(Exercise objective) Each record below must come back exactly as written; its pictures must not.
======== Dataset records ========
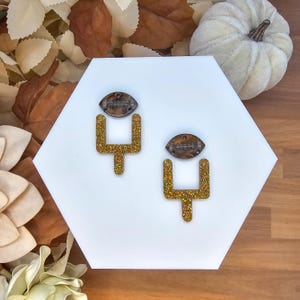 May include: A pair of gold glitter football-shaped earrings with brown tops. The earrings are displayed on a white hexagonal surface, with a small white pumpkin and autumn leaves in the background. The earrings are a fun accessory.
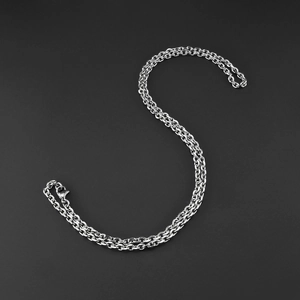 Detailed view of silver O-style cable chain with secure lobster clasp on grey surface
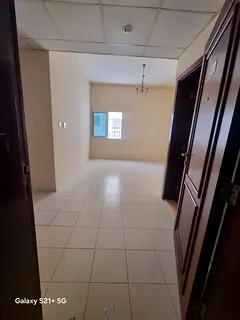 For rent in Al Qasimia Al Nad, Sharjah: 2-bedroom apartment, 2 bathrooms, kitchen, central AC, centr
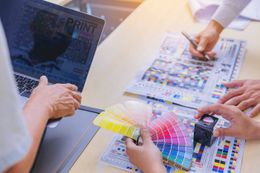 A group of people are sitting at a table with a laptop and a color palette.
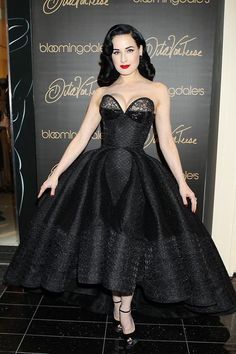 a woman in a black dress standing on a black tile floor next to a wall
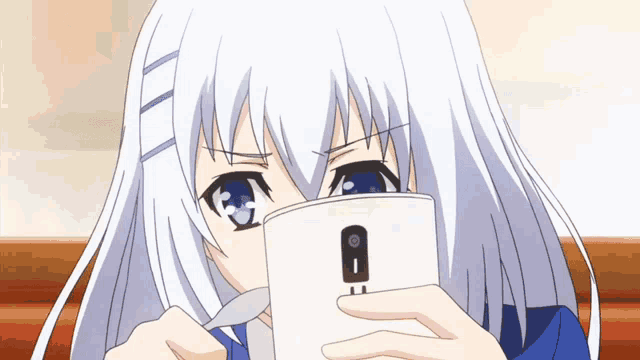 a girl with white hair and blue eyes looks at a cell phone
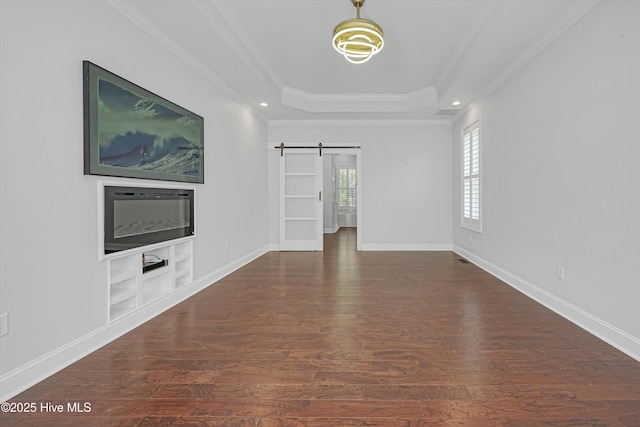 311 S Kingfisher Ln, Hampstead, NC 28443 - unfurnished living room featuring a barn door, wood finished floors, a raised ceiling, crown molding, and built in features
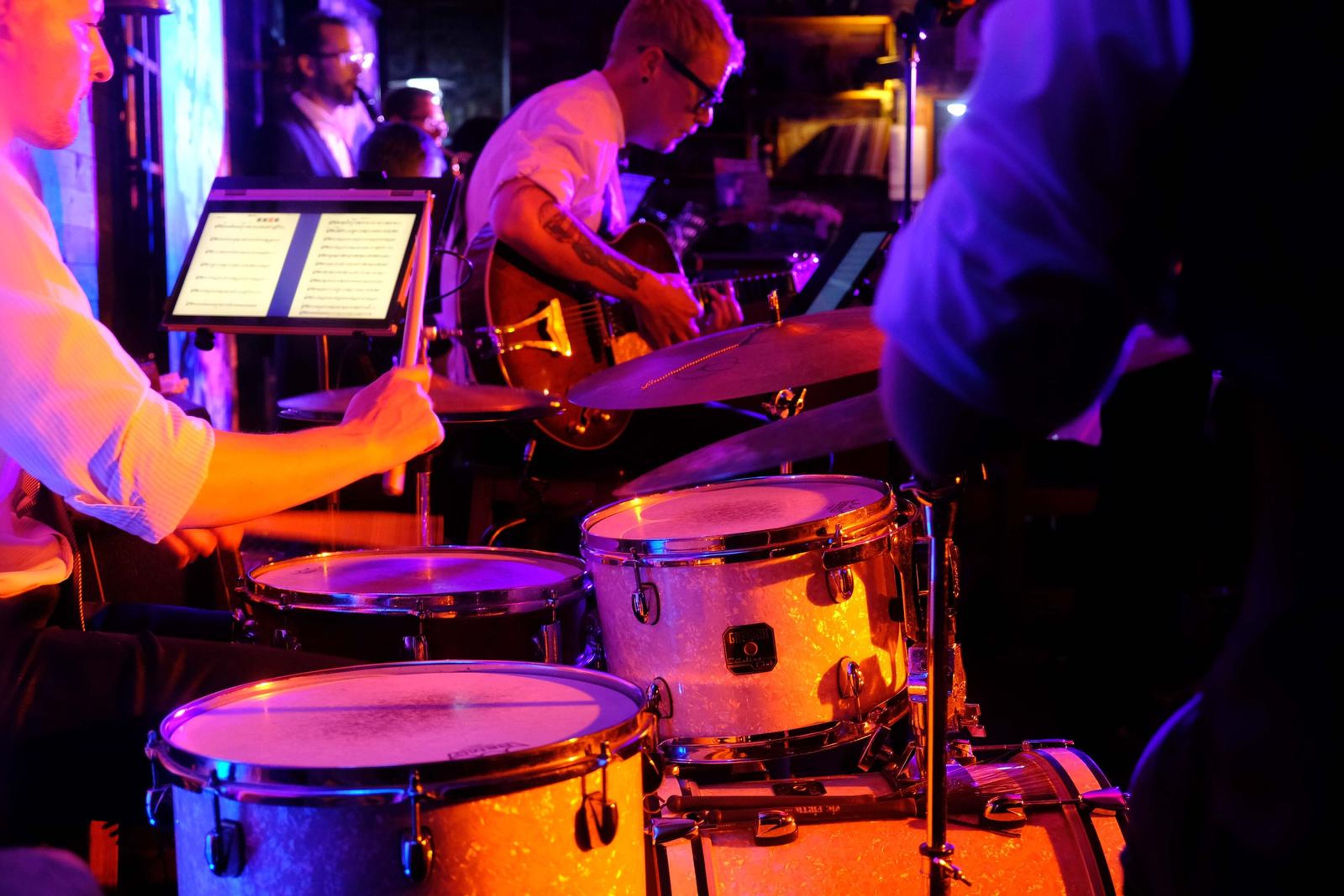 Drummer in action beside a guitarist reading from a tablet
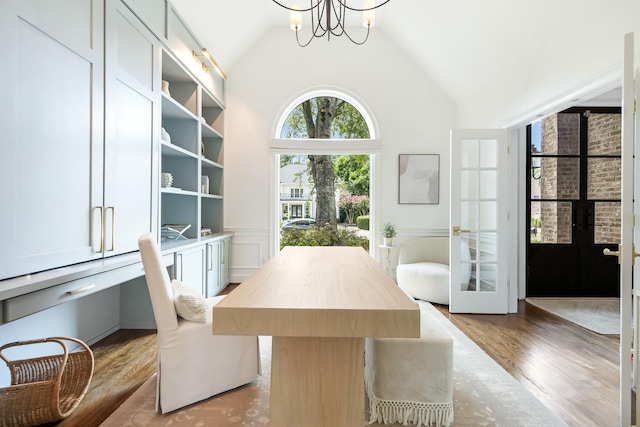 dining room with lofted ceiling, french doors, a notable chandelier, and light hardwood / wood-style flooring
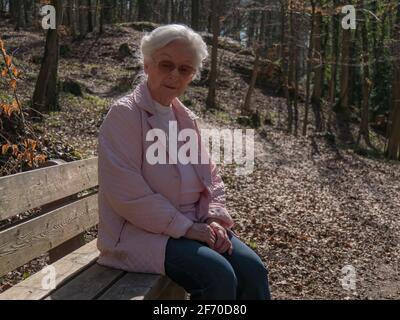 Ältere Frau, die allein auf der Parkbank sitzt Stockfoto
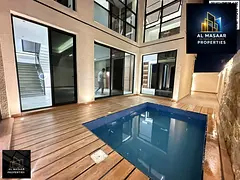Luxury villa for sale in Al Bahia, elegant design and ideal spaces, at a special price including reg
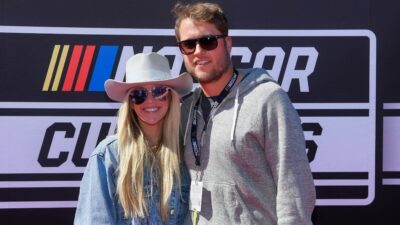 Kelly Stafford and Matt Stafford posing at NASCAR event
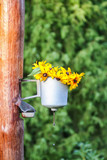 Fototapeta Perspektywa 3d - Old rural metal washstand with the wreath of yellow Rudbeckia flowers hanging on wooden pole on country yard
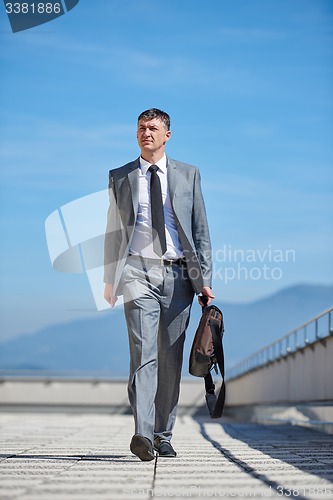 Image of senior  businessman outdoors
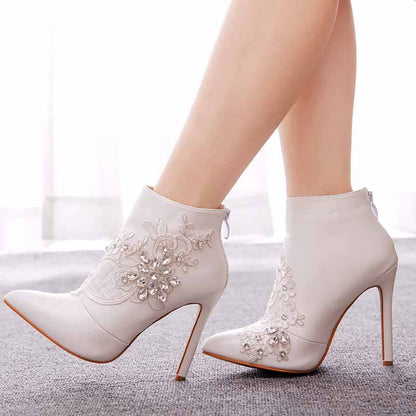 lace wedding boots for bride with high stiletto heels and floral embellishments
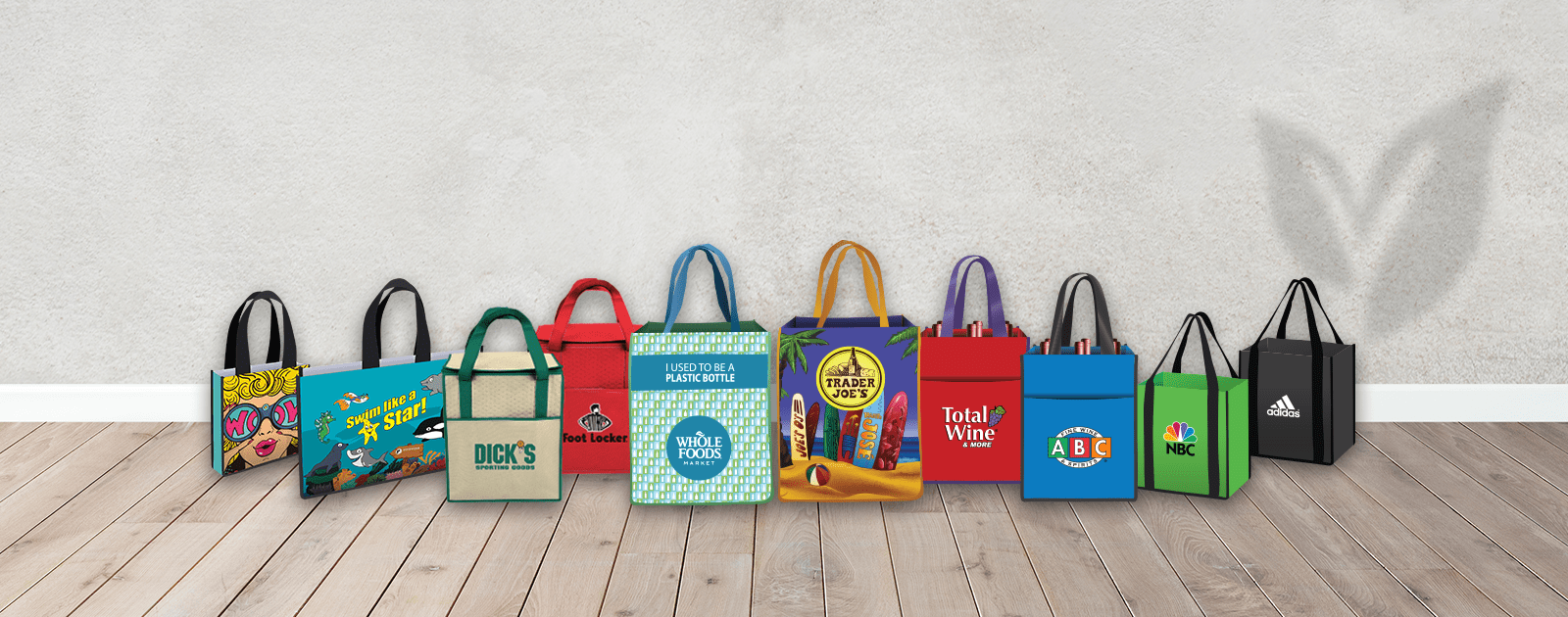 Reusable bags lined up together with unique custom logos and varying colors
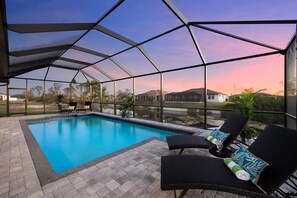 Outdoor pool, a heated pool - Escape to Cape! 4 bed 3 bath Canal Home w/ Heated Oversized Pool & 2 King Suites (Cape Coral)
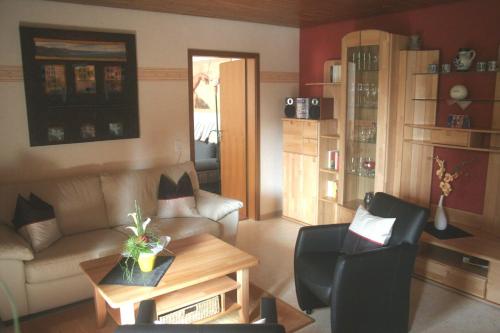 施莱登Ferienwohnung-Geschwind的客厅配有沙发和桌椅
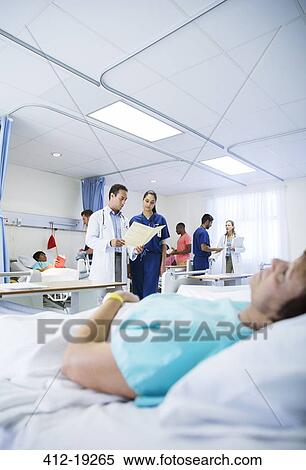 Doctor and nurse reading medical chart in hospital room View Large Photo Image Stock Photography - Doctor and nurse reading medical chart in hospital room. Fotosearch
========
(Answer below)
 May include: A pair of gold glitter football-shaped earrings with brown tops. The earrings are displayed on a white hexagonal surface, with a small white pumpkin and autumn leaves in the background. The earrings are a fun accessory.
 Detailed view of silver O-style cable chain with secure lobster clasp on grey surface
 For rent in Al Qasimia Al Nad, Sharjah: 2-bedroom apartment, 2 bathrooms, kitchen, central AC, centr
 A group of people are sitting at a table with a laptop and a color palette.
 a woman in a black dress standing on a black tile floor next to a wall
 a girl with white hair and blue eyes looks at a cell phone
 311 S Kingfisher Ln, Hampstead, NC 28443 - unfurnished living room featuring a barn door, wood finished floors, a raised ceiling, crown molding, and built in features
 Drummer in action beside a guitarist reading from a tablet
 dining room with lofted ceiling, french doors, a notable chandelier, and light hardwood / wood-style flooring
 Ältere Frau, die allein auf der Parkbank sitzt Stockfoto
Luxury villa for sale in Al Bahia, elegant design and ideal spaces, at a special price including reg
 Kelly Stafford and Matt Stafford posing at NASCAR event
 Fototapeta Perspektywa 3d - Old rural metal washstand with the wreath of yellow Rudbeckia flowers hanging on wooden pole on country yard
 Image of senior  businessman outdoors
 lace wedding boots for bride with high stiletto heels and floral embellishments
 Reusable bags lined up together with unique custom logos and varying colors
 Outdoor pool, a heated pool - Escape to Cape! 4 bed 3 bath Canal Home w/ Heated Oversized Pool & 2 King Suites (Cape Coral)
 施莱登Ferienwohnung-Geschwind的客厅配有沙发和桌椅
 Doctor and nurse reading medical chart in hospital room View Large Photo Image Stock Photography - Doctor and nurse reading medical chart in hospital room. Fotosearch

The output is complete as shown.